What is Search Processing Language (SPL)?

SPL encompasses all the search commands and their functions, arguments, and clauses. Its syntax was originally based on the Unix pipeline and SQL. The scope of SPL includes data searching, filtering, modification, manipulation, insertion, and deletion. - The Splexicon

One of the most important activities we do in Splunk is search. But Searching in Splunk is not just Googling data — it's a powerful way to interact with the data.
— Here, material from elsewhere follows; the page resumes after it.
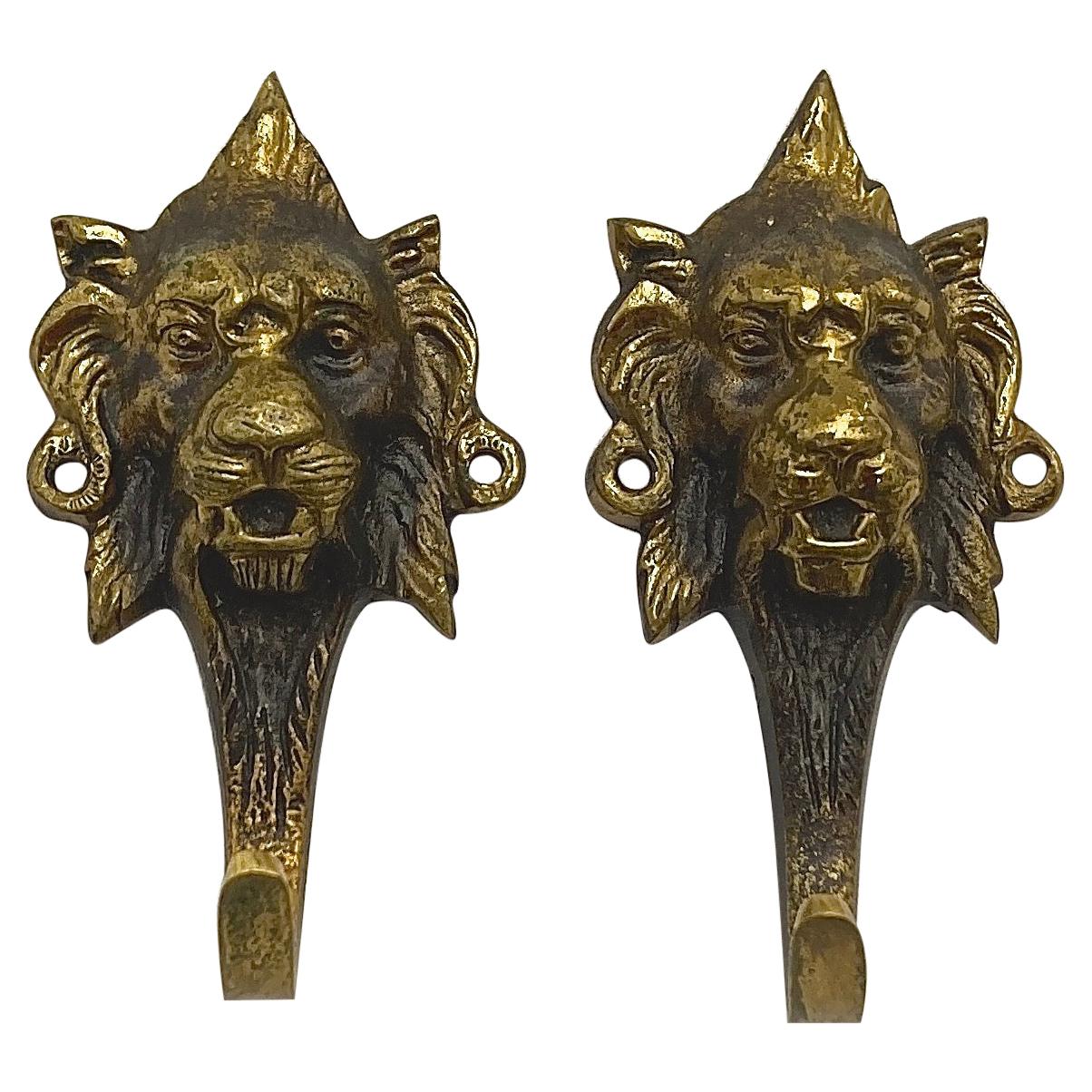 Pair French Brass Lion Head Design Single Hooks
What Does it Mean to Search in Splunk?

It's the primary way users interact with data in Splunk.

• Query
• Calculate
• Correlate
• Manipulate
• Organize
• Predict
• Transform
• Visualize
• And more ...

Search and Reporting App

• Default app, comes built-in to Splunk Enterprise or Cloud platform.
• Primary way to search and analyze data in Splunk
  • Search
  • Build reports and visualizations
  • Index data
  • Configure alerts
  • Create dashboards

The Anatomy of a Search

A Splunk search is all about reducing complexity in unstructured or semi structured data so that it provides value to data analysts and users. A basic search pipeline looks like this:

A Basic Search Pipeline View

Step 1: We input a big glob of events. This data can come from forwarders, network inputs, scripted inputs, uploads, anywhere. Then we perform broad searches on it so that we filter out some of the data that we don’t want.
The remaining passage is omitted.